Widerruf!

Mein Gastautor Joachim Bode sieht sich (anders als große Vorgänger) leider

zum Widerruf genötigt:

Ich widerrufe (lat.: „Revoco!“). Das sollte Luther auf dem Reichstag zu Augsburg im Jahre 1518 verkünden. Er tat es nicht. Mit entsprechend weit reichenden Folgen, die ich als bekannt unterstelle. Ich bin nicht Luther, nicht in Augsburg, und schon gar nicht 1518. Also auch ohne entsprechende Folgen.

Ich widerrufe aber heute, dass eine Laienspielschar die bayerische Justiz beherrscht – zumindest soweit die juristische Seite der Angelegenheit des Gustl Mollath betroffen ist.
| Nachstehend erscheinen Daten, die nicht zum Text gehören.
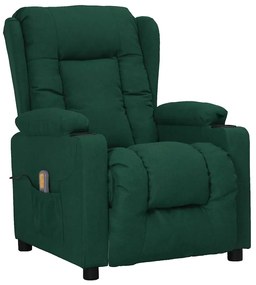3093439 vidaXL Изправящ масажен стол, тъмнозелен, текстил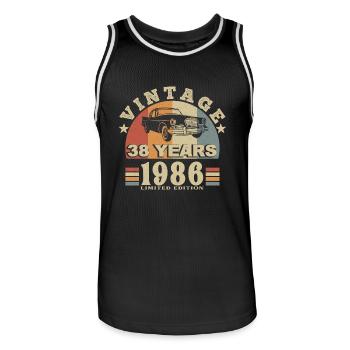 vintage 1986 né en 1986 38 ans anniversaire - Maillot de basket Homme - noir/blanc - Devant - AI Model Male 185 dark (185cm)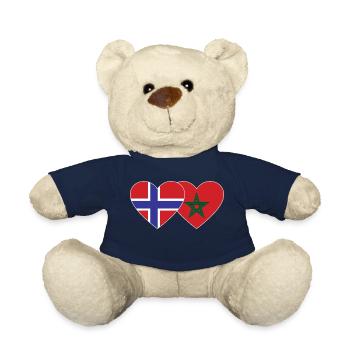 Norwegen Marokko Flagge Herz - Teddy - French Navy - Vorne
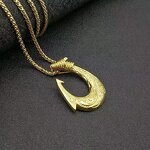 Stainless Steel Hook Necklace Manufacturer - PVD Gold Silver 18K Gold Plated Hip Hop Polynesian Rope Chain Pendant Jewelry for Men Boy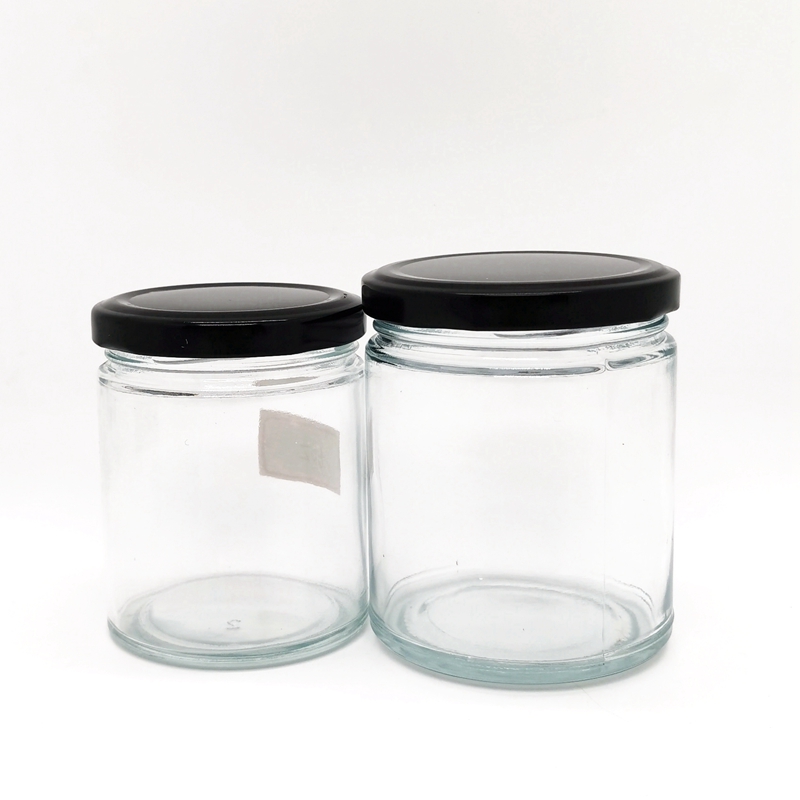 Recyclable 8oz 9 oz Clear Round Straight Sided Glass Candle Chutneys Jars With Twist Off Cap for Jam
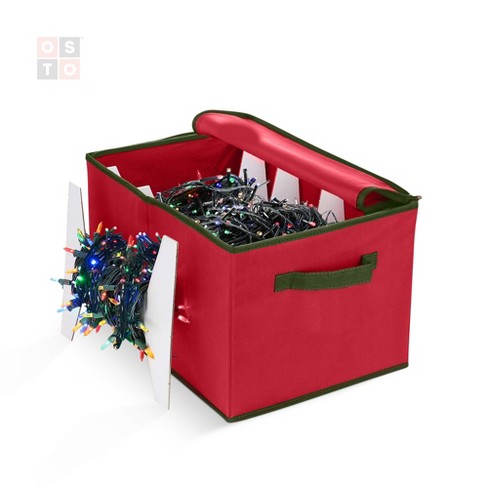 OSTO Christmas Strip Light Storage Box with 4 Cardboard Wraps to Store Up to 800 Holiday Light Bulbs; Rivet-Enforced Handles, Dual-Zippered - image 1 of 4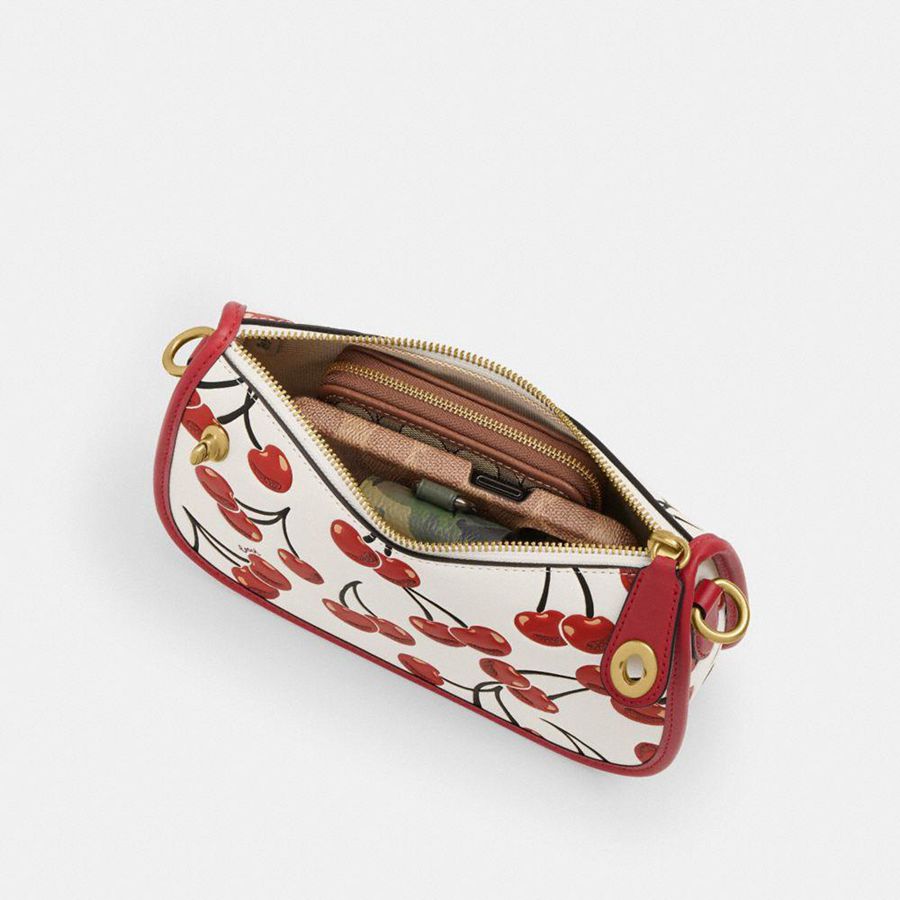 COACH® Swinger With Cherry Print Women Crossbody Bag Red | MQFX61870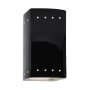 Justice Design Group Ambiance 10" Tall Perforated Rectangular Open Top LED Wall Sconce Gloss Black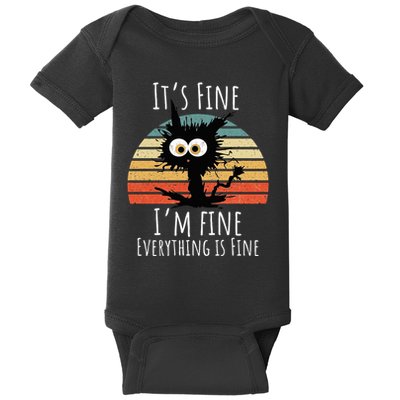 Vintage It's Fine I'm Fine Everything Is Fine Cat Father Baby Bodysuit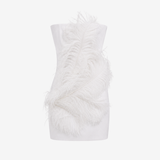 BLAISE-STRAPLESS FEATHERED MINI DRESS
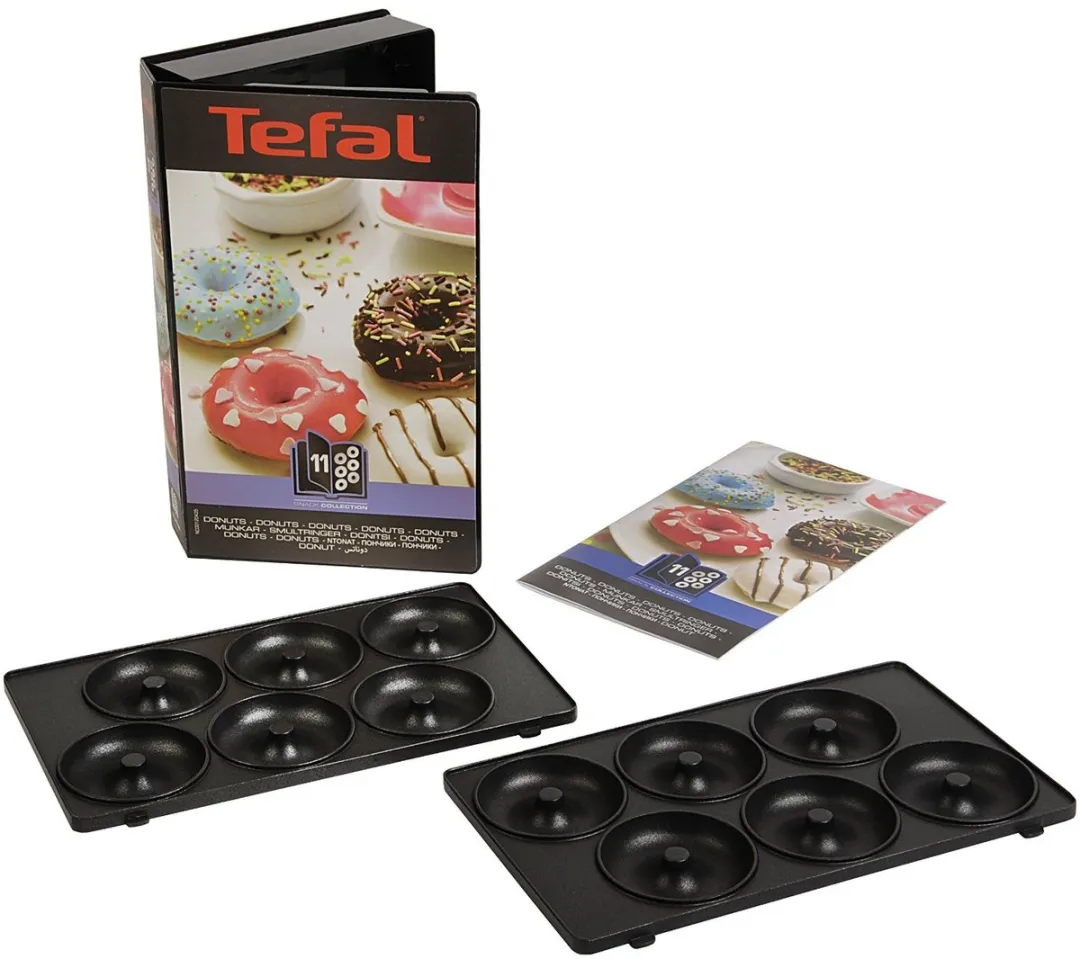 Tefal Snack Collection XA8011 Donutplaten - 2 Stuks - Zwart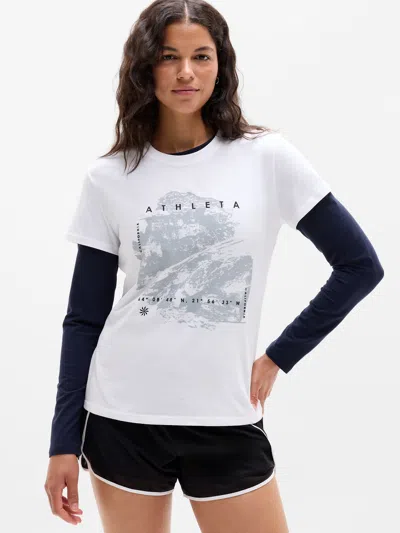 Athleta Classic Cotton Graphic Tee In World Scenic White
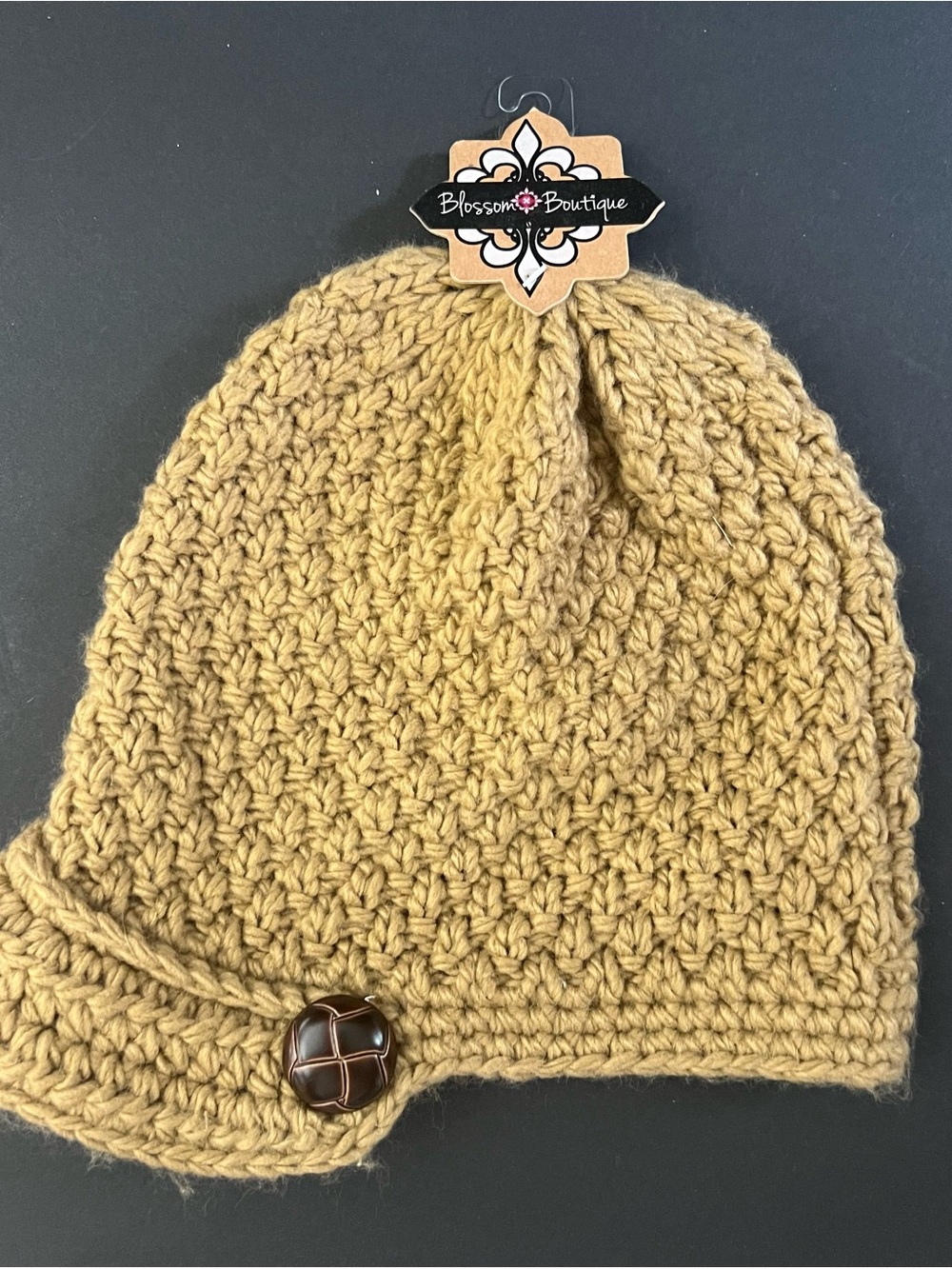 Blossom Boutique Camel Knit Brim Hat with Button Detail NWT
Meine Behauptung (hier), ein paar Dutzend Schauspieler hätten sich wichtiger Stellen in der bayerischen Justiz bis hin zum Ministerium bemächtigt, war ganz voreilig und falsch.

Bereits ein kurzer Blick auf die aktuellen Besoldungsgruppen der beteiligten Staatsjuristen hätte genügt, durchschlagenden Beweis zu liefern: Sie werden nämlich ausnahmslos (von der noch weitaus besser vergüteten Ministerin abgesehen) nach Besoldungsgruppe R bezahlt, in welche die Beförderung durch entsprechende regelmäßige Gehaltssteigerungen automatisch eingebaut ist. Demgegenüber nimmt sich die jämmerliche Bezahlung eines durchschnittlichen Schauspielers – noch dazu eines Laienschauspielers – geradezu als lächerlich gering aus.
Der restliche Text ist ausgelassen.